City of the dead

I spent Mardi Gras this week in a New Orleans graveyard. For the second time in less than a year, though the first time since Katrina, we said goodbye to a grandparent in the vast city of mausolea called Lakelawn Cemetary. It was so much sadder this time.

Gravediggers know better than most people in New Orleans what rising water can do — which is why most New Orleans cemeteries are above-ground. Row after row of family tombs crowd the landscape like so many midget Roman temples. Last year it seemed novel, if a little macabre, to bear the casket through the alleys of the tombs to my wife’s family plot. The sun was bright. Flowers livened the drab gray houses of the deceased.
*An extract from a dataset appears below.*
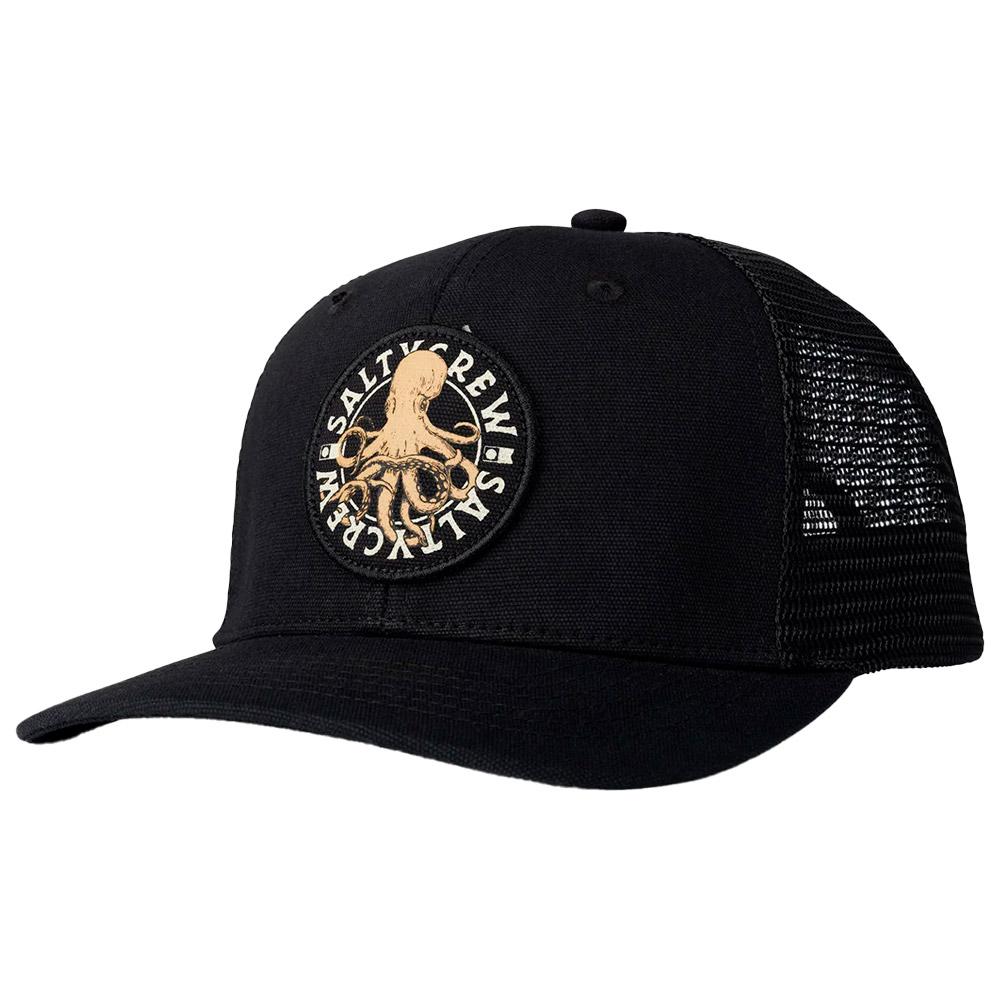 Salty Crew - Tentacles Retro Trucker Black - Cap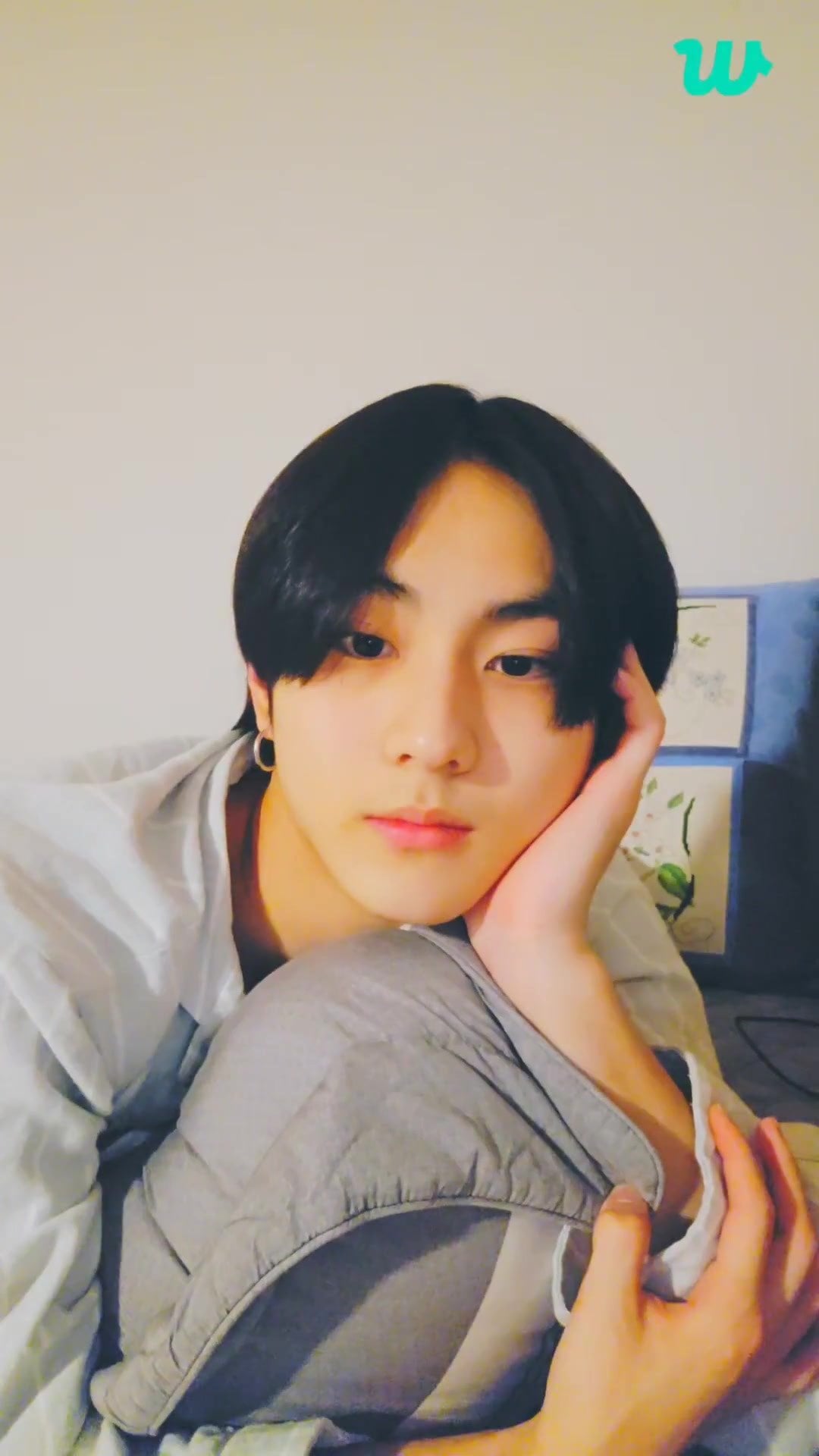 240212 [Weverse Live: Jungwon] Late night Garden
Flags waved from numerous veterans’ grave sites.

This year the mood of the family was made darker a hundred-fold by the devestated cemetary, a scene very little would need to be modified in for a B-grade horror movie. On this gray day nearly every mausoleum was stained about four feet off the ground with the puke-green demarcation of high water — a grim reminder that most of the bodies of loved ones were submerged during the weeks before the floodwaters receded. If not assisting grave-side ceremonies the reduced cemetery staff (typical wait time for a burial was three weeks post-mortem) were put to work pressure-washing the horizontal bands of slime from the tombs. The grass between the rows was dead, moist, and fetid. It is difficult to say goodbye to someone you love when you are forced to imagine what might have washed out from the soaken caskets in the ooze on the ground.

Around New Orleans people were partying of course. The press made a lot of New Orleans parading on with Mardi Gras despite being so hobbled. But the truth is that the partiers seemed like actors reciting lines, going through the motions. It reminded me of the lone sober person at a party who acts crazier than the drunks in order not to be called out.
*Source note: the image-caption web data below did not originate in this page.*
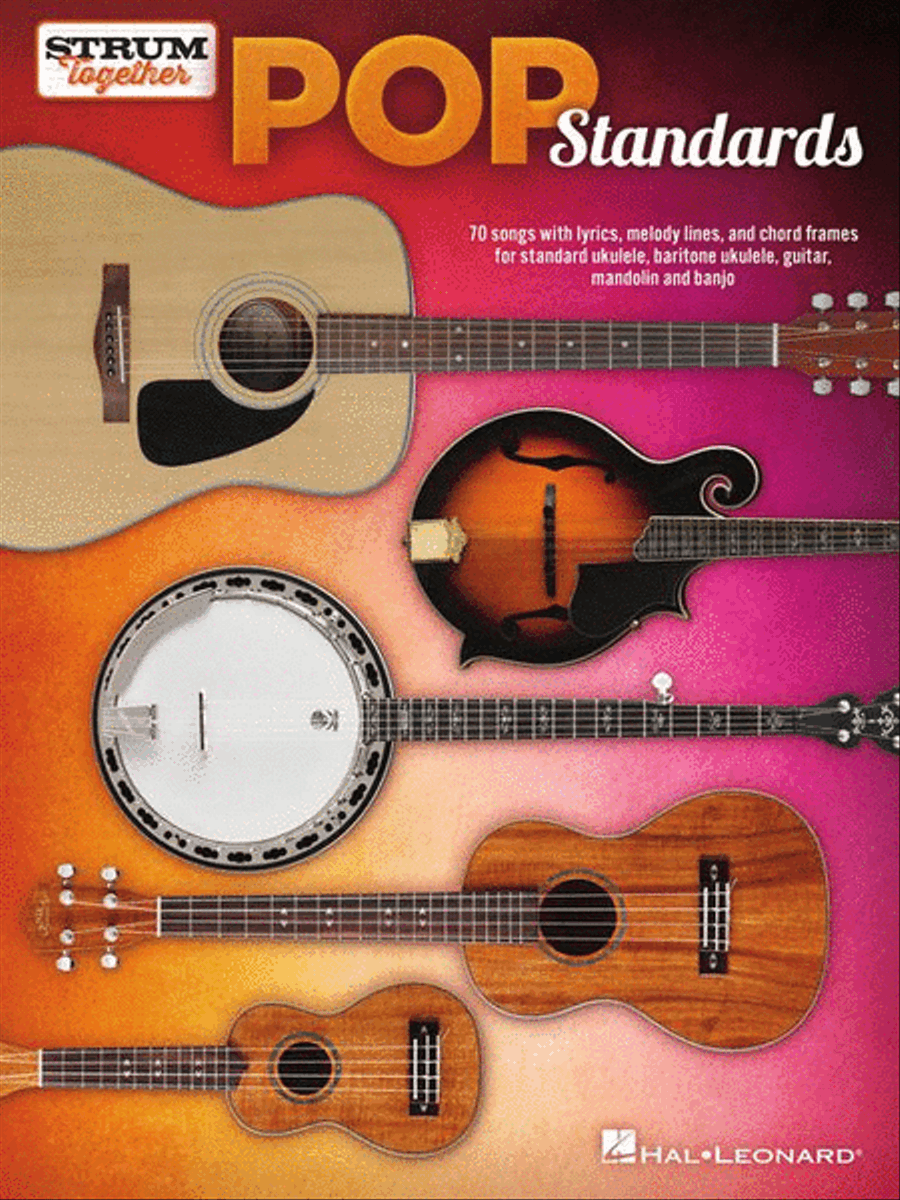 Pop Standards – Strum Together Banjo scores gallery preview page 3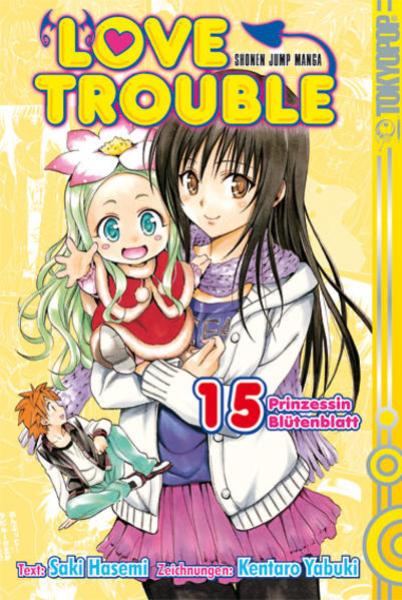 Manga: Love Trouble 15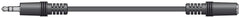 AV:Link 3.5mm stereo plug to 3.5mm stereo socket lead 3.0m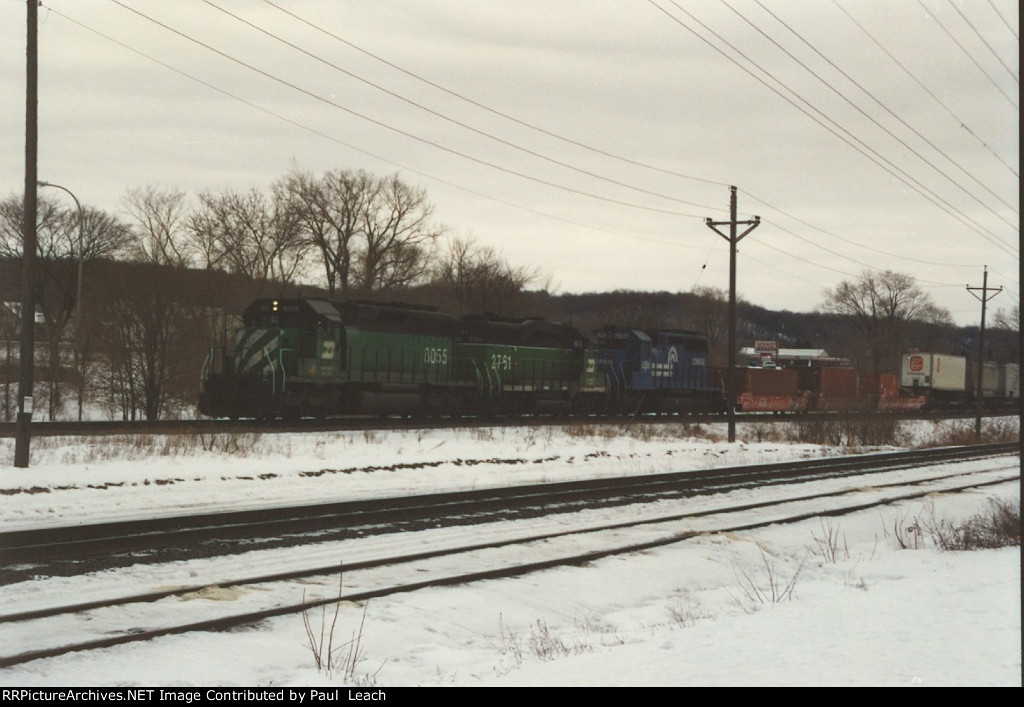 Intermodal races west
Not much has visibly changed since the last time I visited New Orleans. The city is still awash in trash, tarps, and trailers. The question I asked myself this time was: how do you start a city from nothing? Urban areas start slowly, accreting people, services, markets, and social networks over decades and centuries. But what happens when you know you want a city to exist in this spot, right now? What do you start with? Schools? OK, but what will bring the parents back? Business? OK, but who will you sell your wares to? Government? OK, but what if they’re utterly incompetent in the absence of the patronage machine that sustained them? I don’t have an answer. To me, this is less a question of disaster recovery or urban planning than one of human need. What factors begin (or restart) the gravitational pull that sucks in enough matter to create a city?
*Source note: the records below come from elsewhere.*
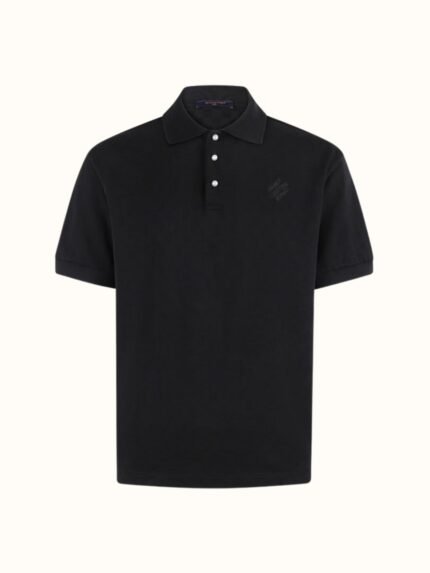 Knitted Polo Shirt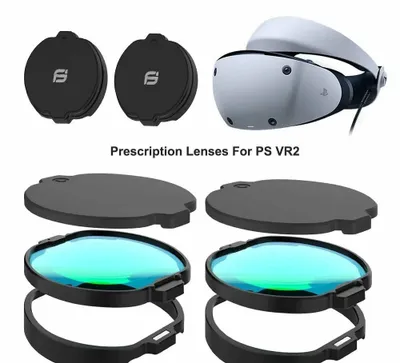 PlayStation VR2 OLED + линза + адаптер для ПК 1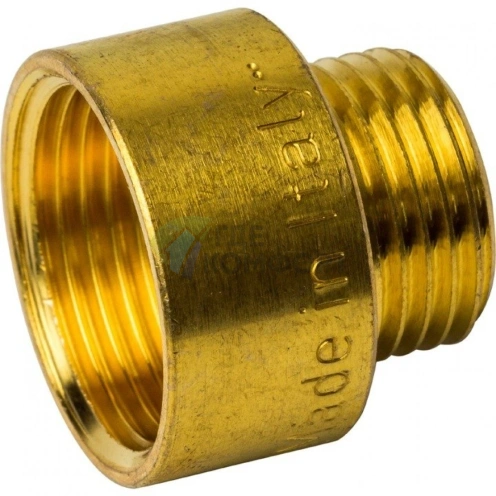Переходник STOUT ВН 1/2 x 3/8 внутренняя/наружная резьба латунный - фото 8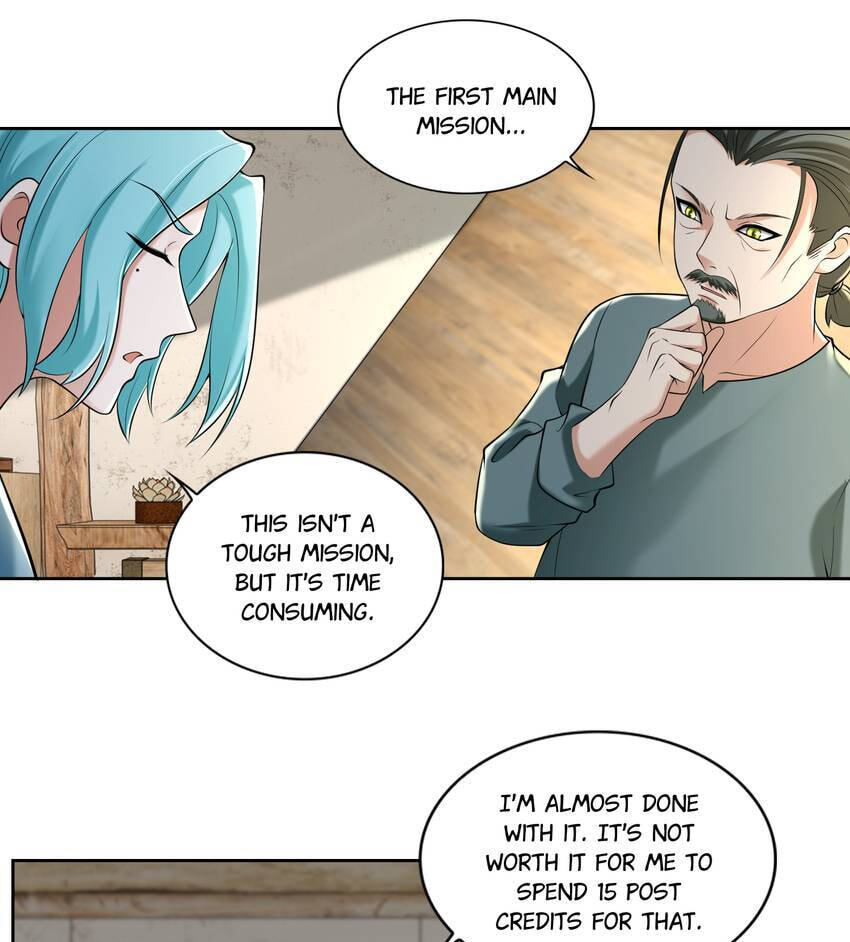 Infinity Mailman Chapter 239 page 6 - 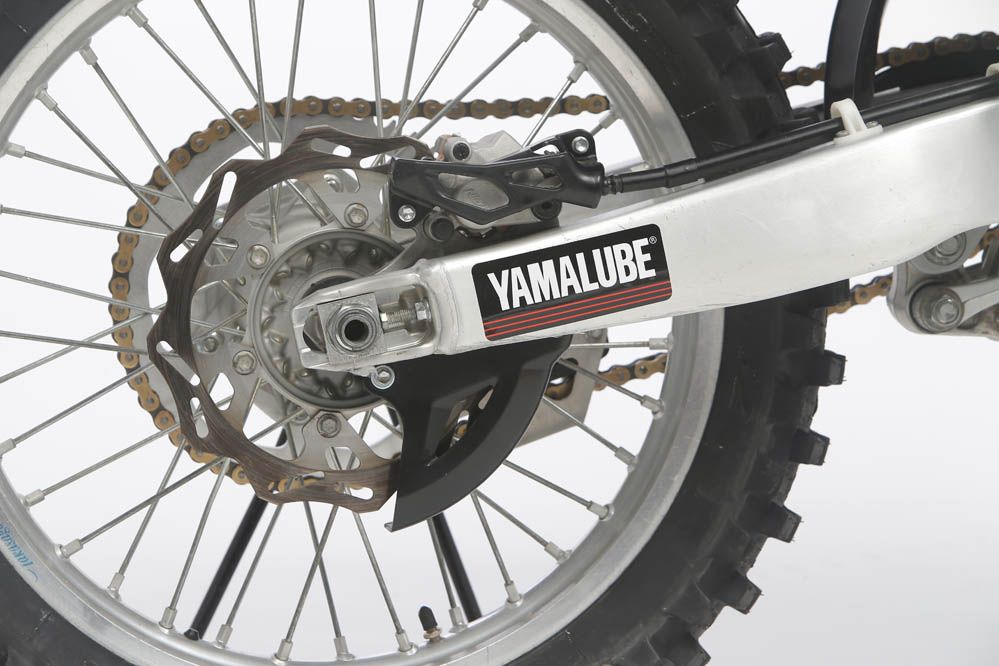 Yamaha YZF250. Galería de fotos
Yet good spirits persist. We bought a king cake on the way out of town. Running it through the metal detector in the airport the scanner operator said he’d tell us where the baby was in the cake for $5. When he did anyway gratis we thought he was letting us in on an Easter secret. Was the baby always in the green section? Was there some pattern than only true New Orleanians know? The operator chuckled as he said to my wife “Dawlin’, I’m runnin’ a scanna heah. I see ev’ry baby dat comes tru wit da cakes.”